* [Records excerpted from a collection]
- - - -

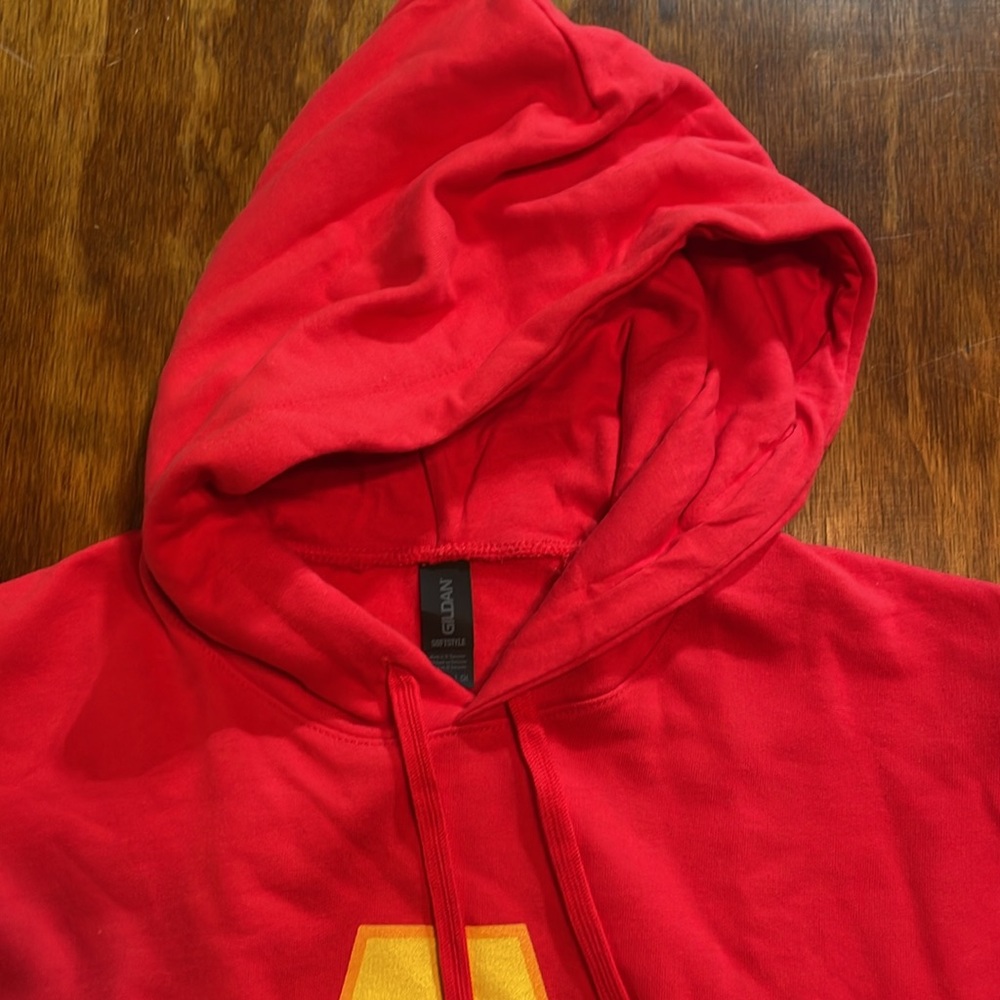 A sweatshirt - Picture 2 of 3
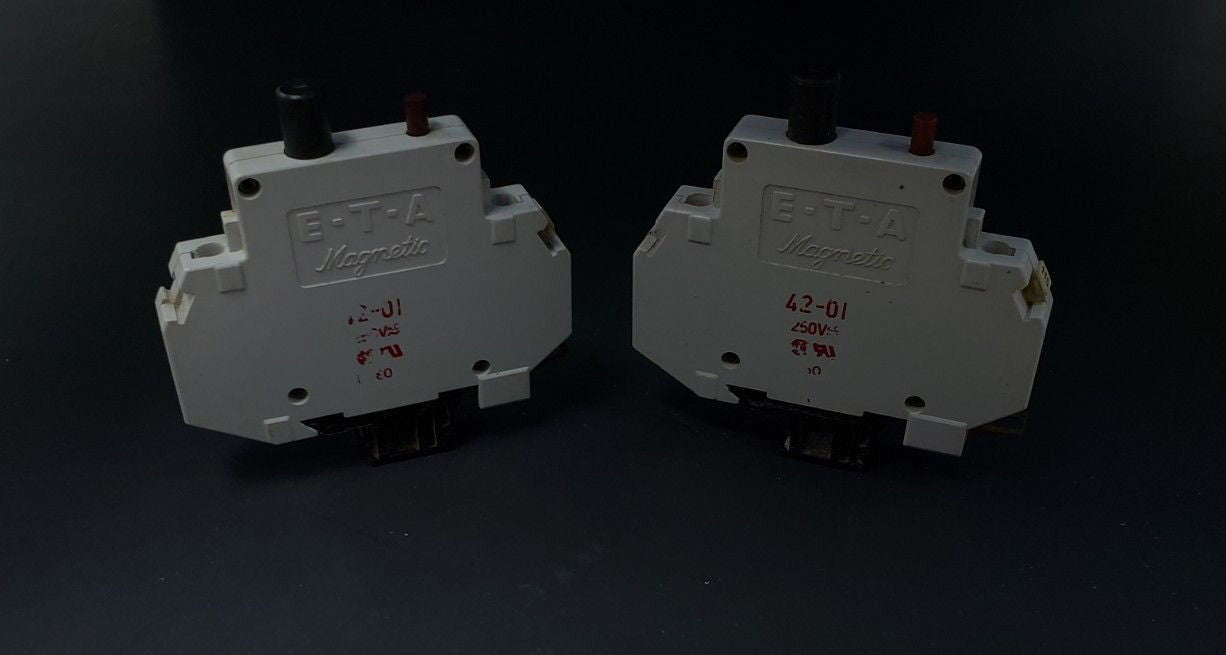 LOT OF 2 E-T-A MAGNETIC 42-01 CIRCUIT BREAKERS 250VAC, 1POLE, 4201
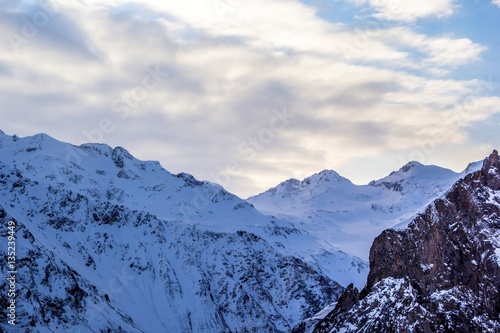 Fototapeta Naklejka Na Ścianę i Meble -  красивый вид, горы Северного Кавказа, облачное небо, снежные вершины, зимний пейзаж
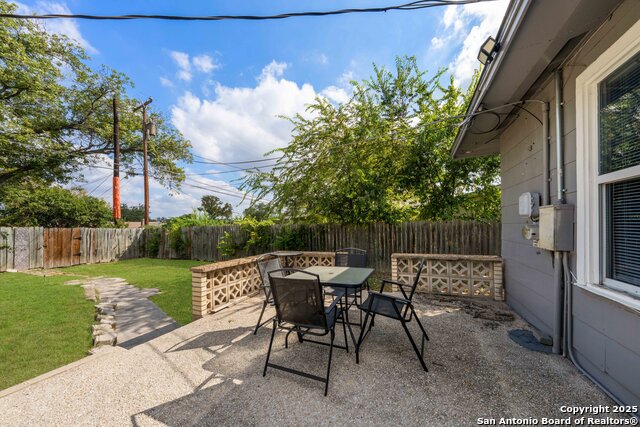 435 Savannah Property Photo 28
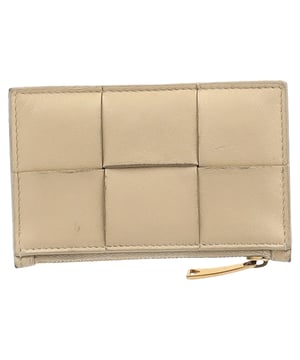VINTAGE, RRP AS NEW
The Bottega Veneta Cassette Zipped Card Case in Nude Leather combines sleek, minimalist design with the brand’s signature intrecciato weave for a sophisticated touch. Crafted from soft, supple leather, this compact card case offers both style and practicality, featuring a zippered closure for secure storage. Pair it with a structured handbag or slip it into your pocket for an effortlessly chic, everyday accessory. Complete your look with a tailored blazer and subtle jewelry to keep the focus on the sleek design of this versatile card case.

 Bottega Veneta Cassette Zipped Card Case in Nude Leather

Condition: Very good
Signs of wear: Minor signs of wear
Packaging: None
Color: Brown | nude
Material: Leather | leather
Size: One Size | One Size
Measurements: Width: 15; Height: 75; Length: 115
SKU: NAPPUGBSM463901W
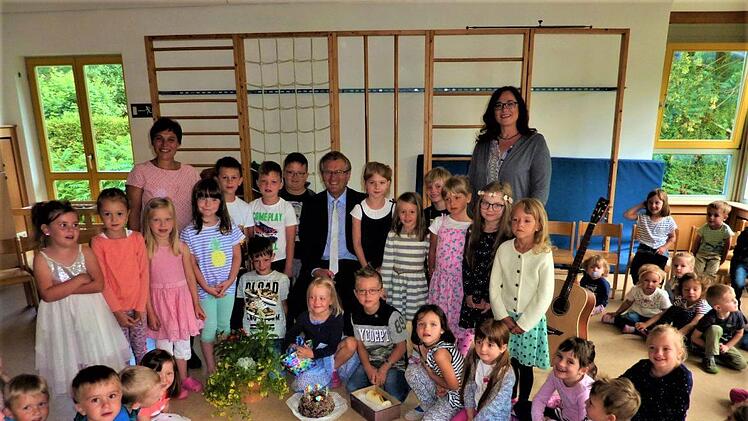 Emotionaler Geburtstagsauftakt für Bürgermeister Rainer Detsch im  Haßlacher Kindergarten. Links im Bild Leiterin Susanne Bonitz, rechts Erzieherin Jutta Walter. Gerd Fleischmann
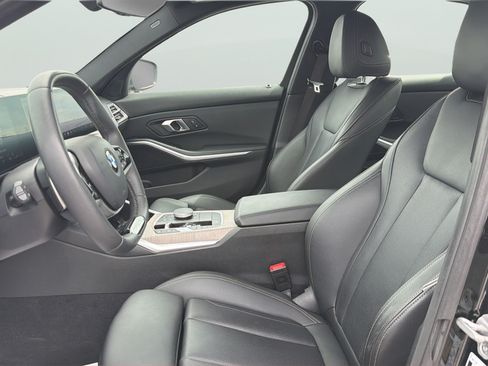 Used 2025 BMW 330i Sedan RWD image 19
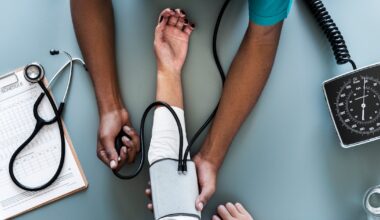 6 estrategias naturales que ayudan a reducir la presión arterial, según expertos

- - - -

* [TASK REQUIREMENTS] Leave the pictures out and print every record exactly.

* [RESPONSE FOR THIS EXERCISE]
 A sweatshirt - Picture 2 of 3
 LOT OF 2 E-T-A MAGNETIC 42-01 CIRCUIT BREAKERS 250VAC, 1POLE, 4201
 Fototapeta Naklejka Na Ścianę i Meble -  красивый вид, горы Северного Кавказа, облачное небо, снежные вершины, зимний пейзаж
 435 Savannah Property Photo 28
VINTAGE, RRP AS NEW
The Bottega Veneta Cassette Zipped Card Case in Nude Leather combines sleek, minimalist design with the brand’s signature intrecciato weave for a sophisticated touch. Crafted from soft, supple leather, this compact card case offers both style and practicality, featuring a zippered closure for secure storage. Pair it with a structured handbag or slip it into your pocket for an effortlessly chic, everyday accessory. Complete your look with a tailored blazer and subtle jewelry to keep the focus on the sleek design of this versatile card case.

 Bottega Veneta Cassette Zipped Card Case in Nude Leather

Condition: Very good
Signs of wear: Minor signs of wear
Packaging: None
Color: Brown | nude
Material: Leather | leather
Size: One Size | One Size
Measurements: Width: 15; Height: 75; Length: 115
SKU: NAPPUGBSM463901W
 Emotionaler Geburtstagsauftakt für Bürgermeister Rainer Detsch im  Haßlacher Kindergarten. Links im Bild Leiterin Susanne Bonitz, rechts Erzieherin Jutta Walter. Gerd Fleischmann
 Used 2025 BMW 330i Sedan RWD image 19
 6 estrategias naturales que ayudan a reducir la presión arterial, según expertos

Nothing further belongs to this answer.